WORKING DATA section start

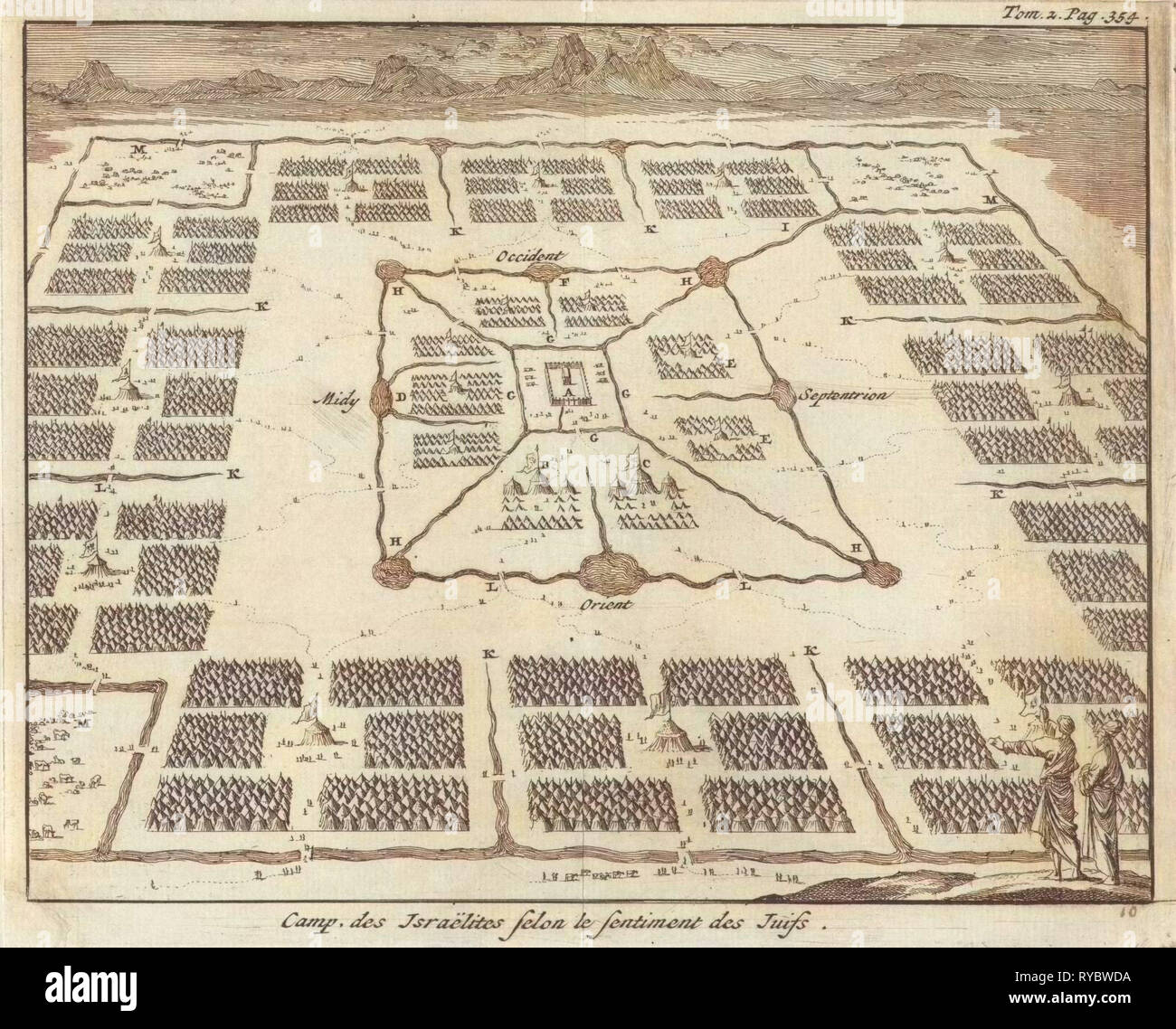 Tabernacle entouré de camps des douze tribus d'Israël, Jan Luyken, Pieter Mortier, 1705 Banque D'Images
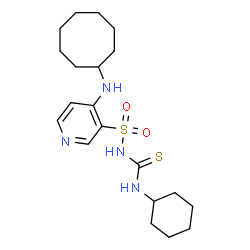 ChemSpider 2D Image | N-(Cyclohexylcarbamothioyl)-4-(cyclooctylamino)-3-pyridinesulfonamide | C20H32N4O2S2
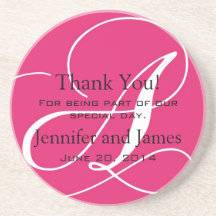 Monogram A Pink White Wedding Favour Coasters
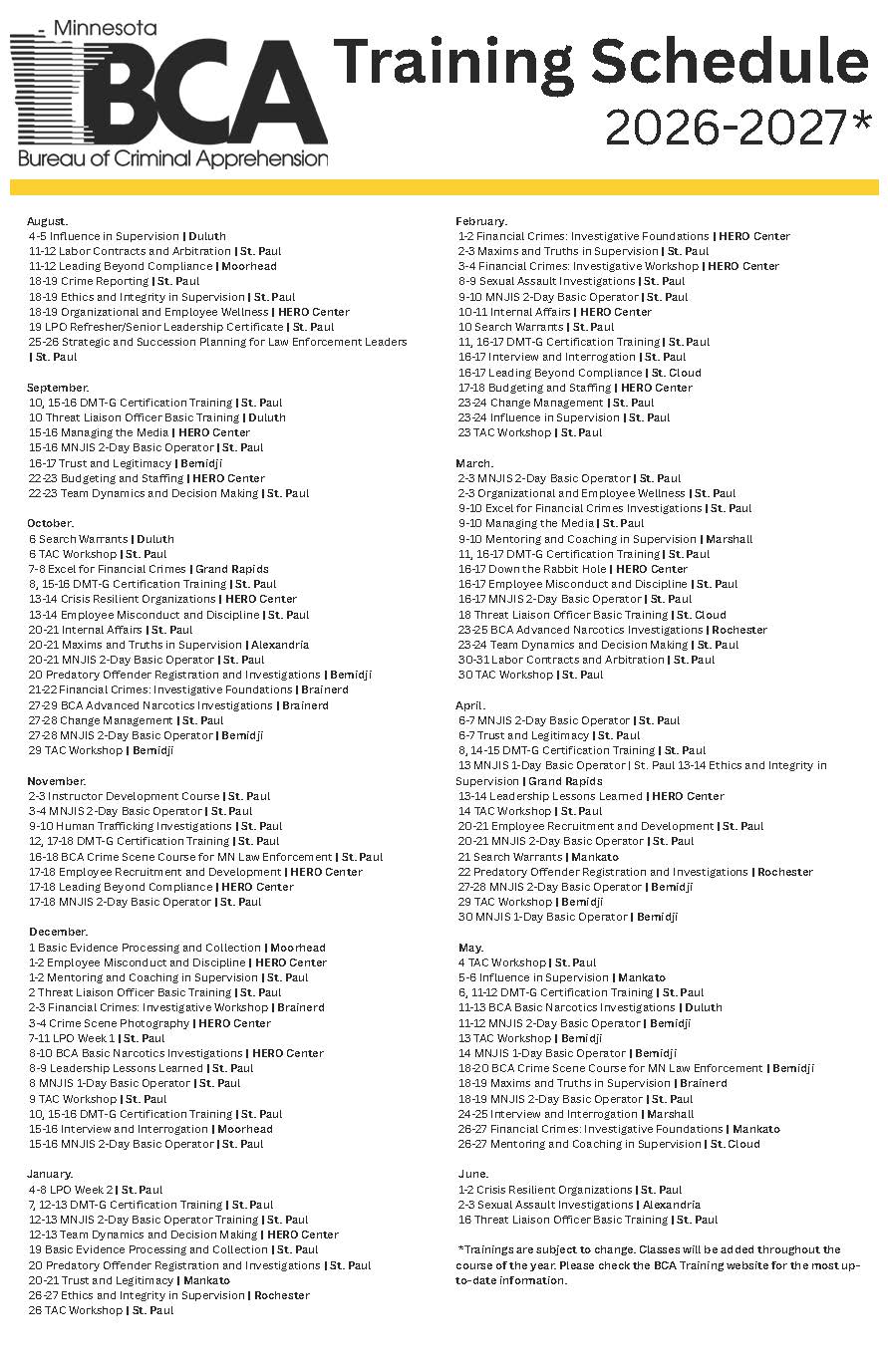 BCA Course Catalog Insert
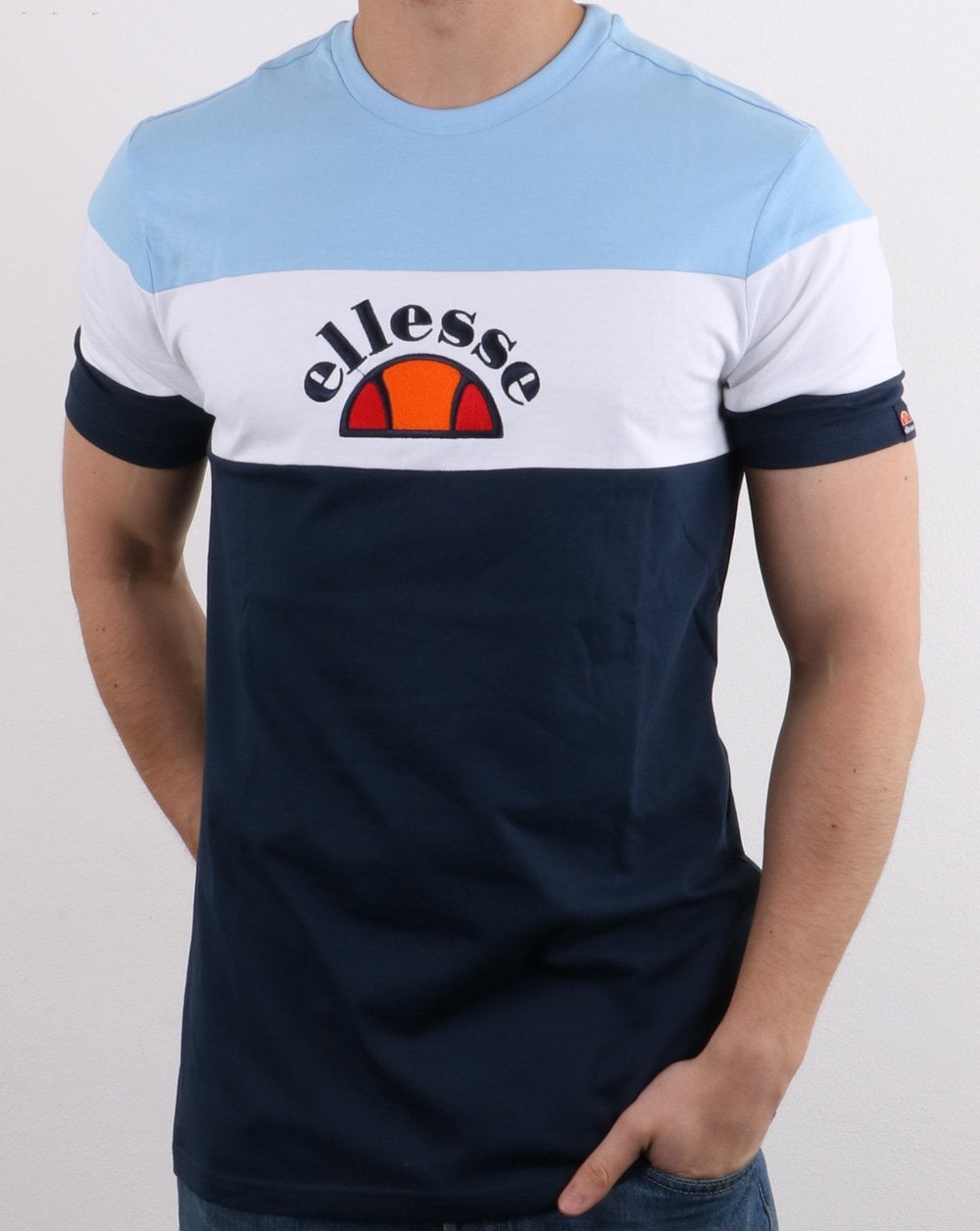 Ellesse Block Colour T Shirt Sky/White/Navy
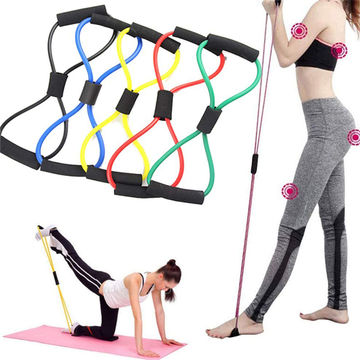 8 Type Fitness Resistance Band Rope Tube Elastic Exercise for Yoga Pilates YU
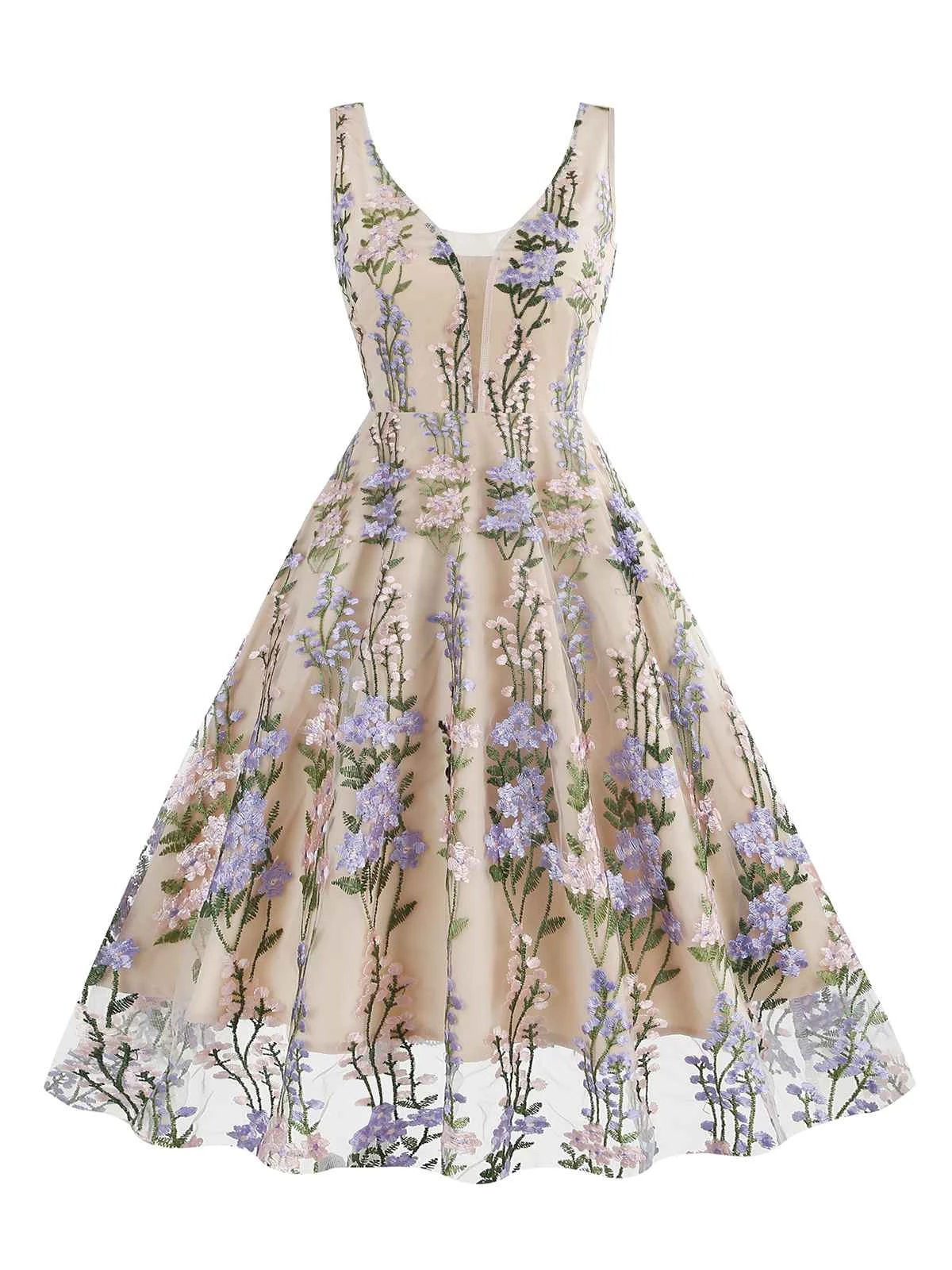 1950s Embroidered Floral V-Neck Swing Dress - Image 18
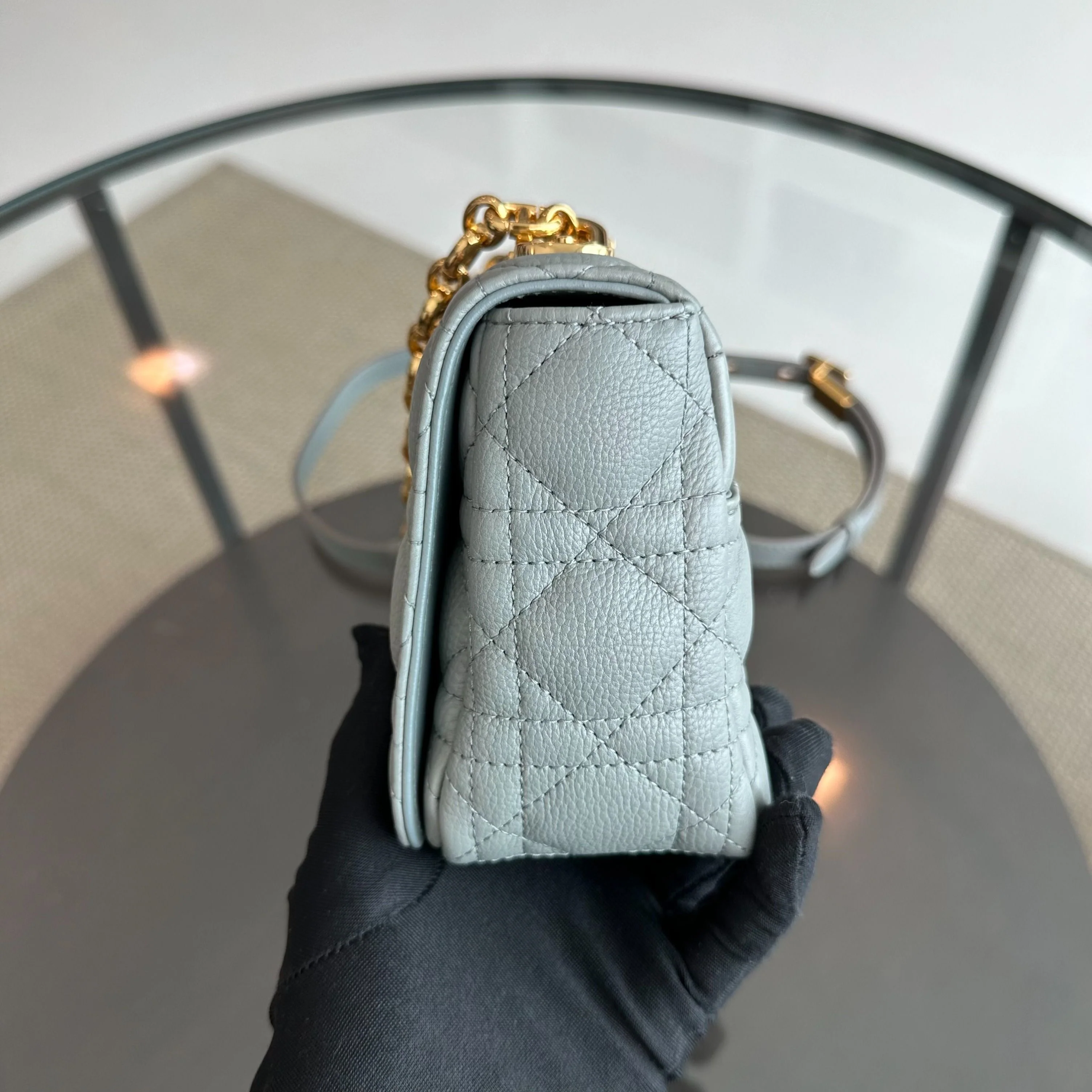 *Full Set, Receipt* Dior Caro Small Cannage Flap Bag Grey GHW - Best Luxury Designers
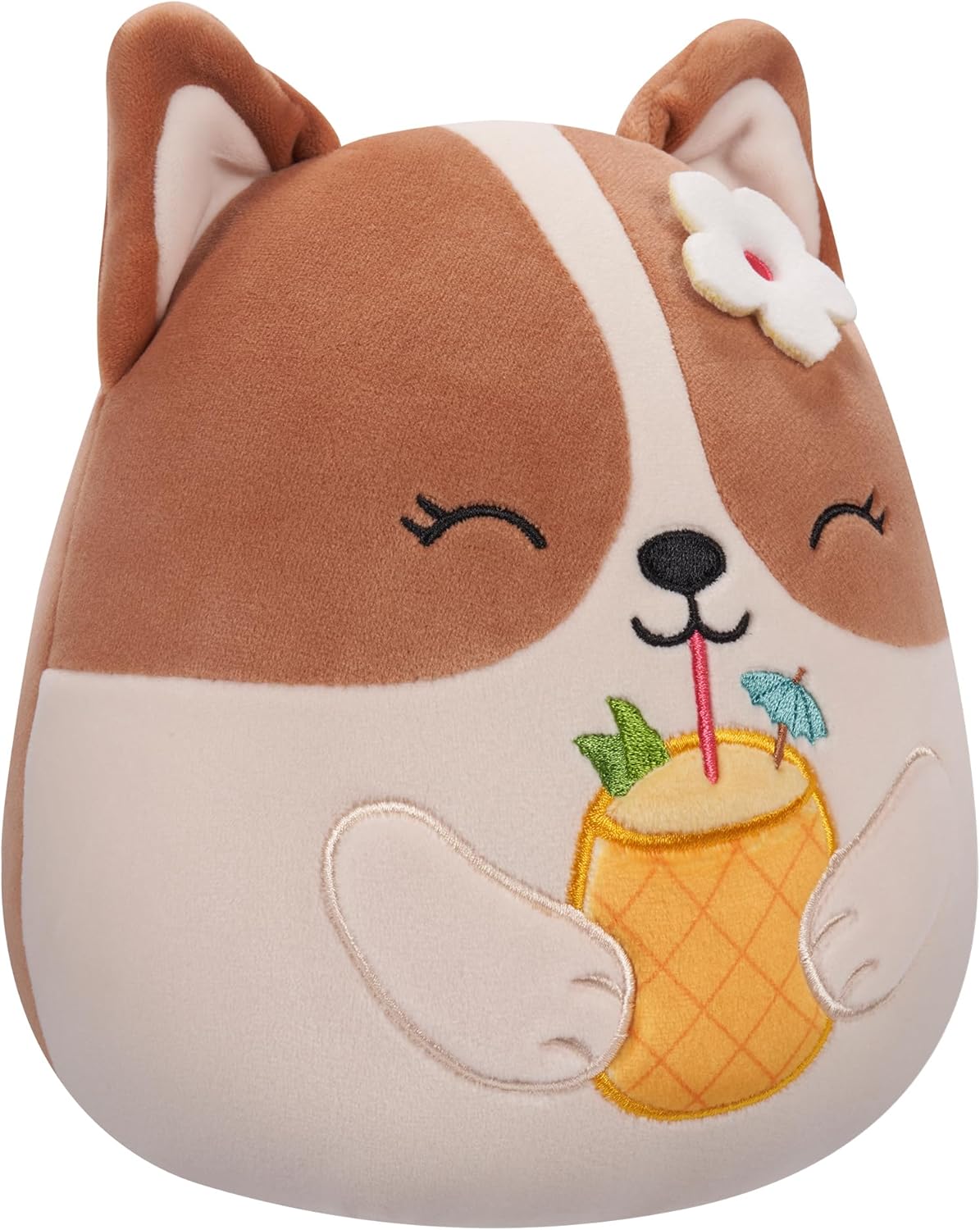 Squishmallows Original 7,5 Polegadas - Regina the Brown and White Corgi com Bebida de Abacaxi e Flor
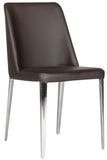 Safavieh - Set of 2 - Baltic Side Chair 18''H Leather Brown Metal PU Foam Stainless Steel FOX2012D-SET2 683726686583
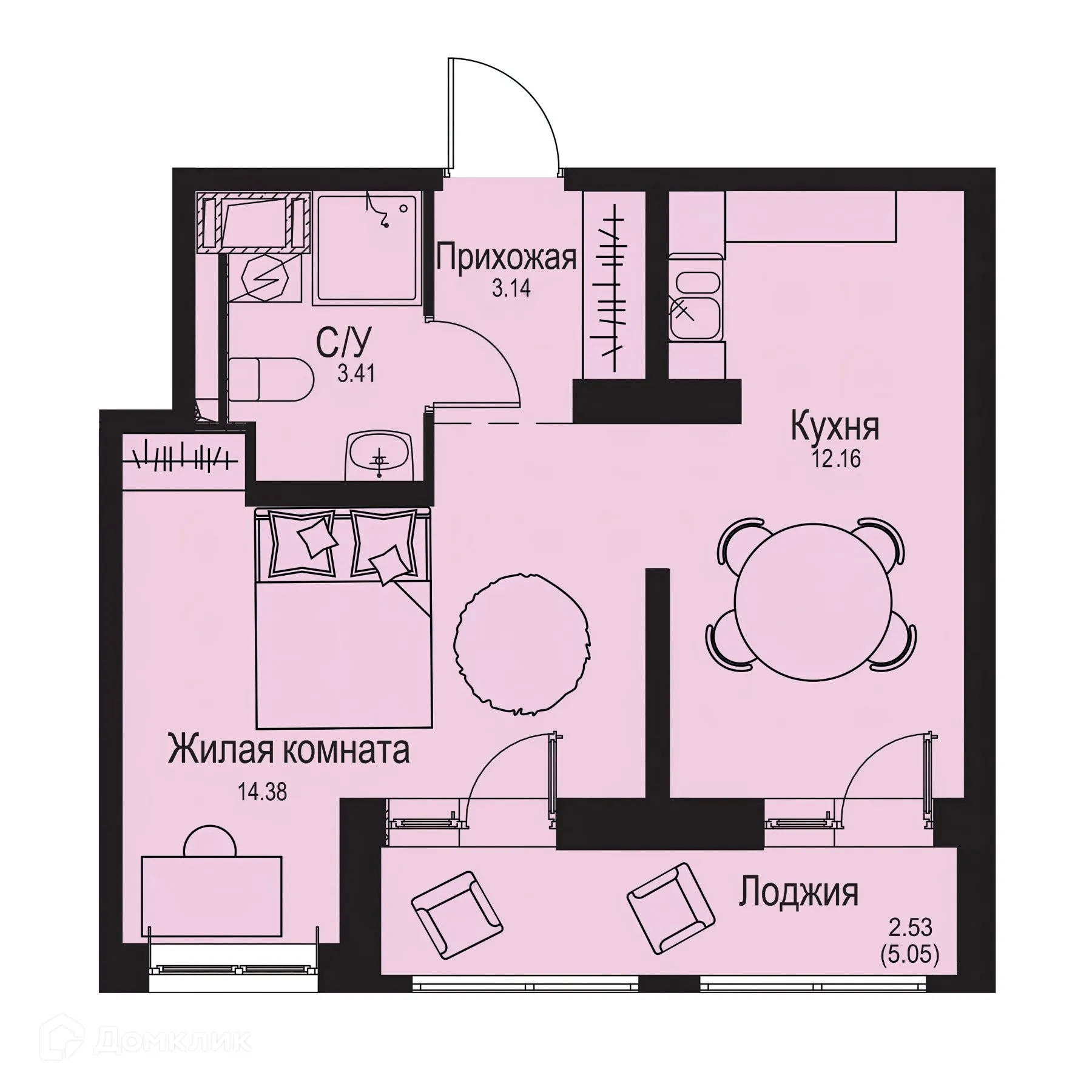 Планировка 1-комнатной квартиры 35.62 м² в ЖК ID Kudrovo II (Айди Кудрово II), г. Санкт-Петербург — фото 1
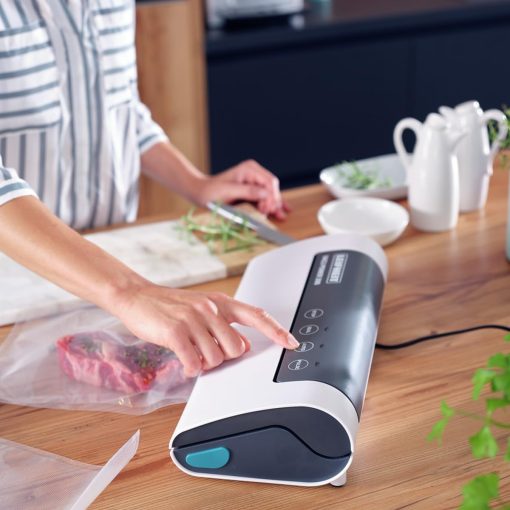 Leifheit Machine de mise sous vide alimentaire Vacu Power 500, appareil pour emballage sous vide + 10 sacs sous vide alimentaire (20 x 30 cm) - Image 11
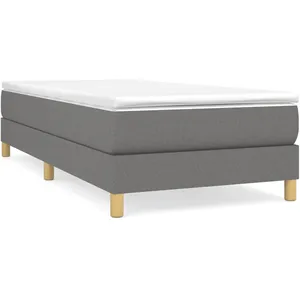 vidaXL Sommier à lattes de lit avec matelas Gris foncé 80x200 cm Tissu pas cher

WORKING DATA section end

WORK REQUEST: The entries are to be reproduced exactly, excluding any pictures they contain.

ANSWER BOX:
 Tabernacle entouré de camps des douze tribus d'Israël, Jan Luyken, Pieter Mortier, 1705 Banque D'Images
 ChemSpider 2D Image | N-(Cyclohexylcarbamothioyl)-4-(cyclooctylamino)-3-pyridinesulfonamide | C20H32N4O2S2
 Monogram A Pink White Wedding Favour Coasters
 BCA Course Catalog Insert
 Ellesse Block Colour T Shirt Sky/White/Navy
 8 Type Fitness Resistance Band Rope Tube Elastic Exercise for Yoga Pilates YU
 1950s Embroidered Floral V-Neck Swing Dress - Image 18
 *Full Set, Receipt* Dior Caro Small Cannage Flap Bag Grey GHW - Best Luxury Designers
 Squishmallows Original 7,5 Polegadas - Regina the Brown and White Corgi com Bebida de Abacaxi e Flor
 Safavieh - Set of 2 - Baltic Side Chair 18''H Leather Brown Metal PU Foam Stainless Steel FOX2012D-SET2 683726686583
 Планировка 1-комнатной квартиры 35.62 м² в ЖК ID Kudrovo II (Айди Кудрово II), г. Санкт-Петербург — фото 1
 Leifheit Machine de mise sous vide alimentaire Vacu Power 500, appareil pour emballage sous vide + 10 sacs sous vide alimentaire (20 x 30 cm) - Image 11
 vidaXL Sommier à lattes de lit avec matelas Gris foncé 80x200 cm Tissu pas cher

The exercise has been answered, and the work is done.